● **Goal of the exercise**: An exact copy of every entry is required, minus the pictures.

- Opening Delimiter -

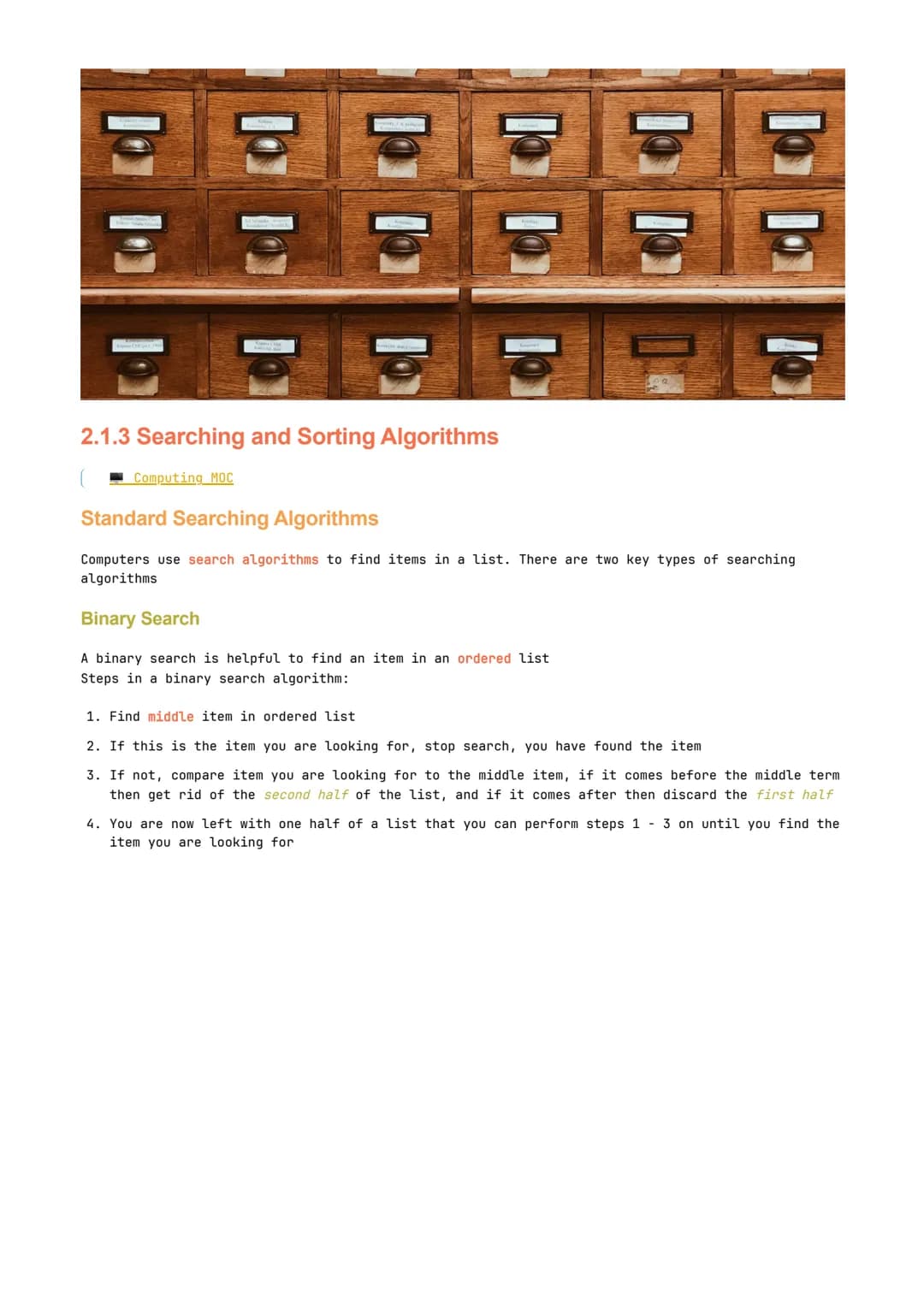 Computing Paper 2
Reuben Cowell འ་འ་་ག་་་་་་།།རྒྱུད་འ}
2.1.1 Computational Thinking
Computing MOC
Principles of Computational Thinking
Compu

- Closing Delimiter -

● **Completed task**:
 Computing Paper 2
Reuben Cowell འ་འ་་ག་་་་་་།།རྒྱུད་འ}
2.1.1 Computational Thinking
Computing MOC
Principles of Computational Thinking
Compu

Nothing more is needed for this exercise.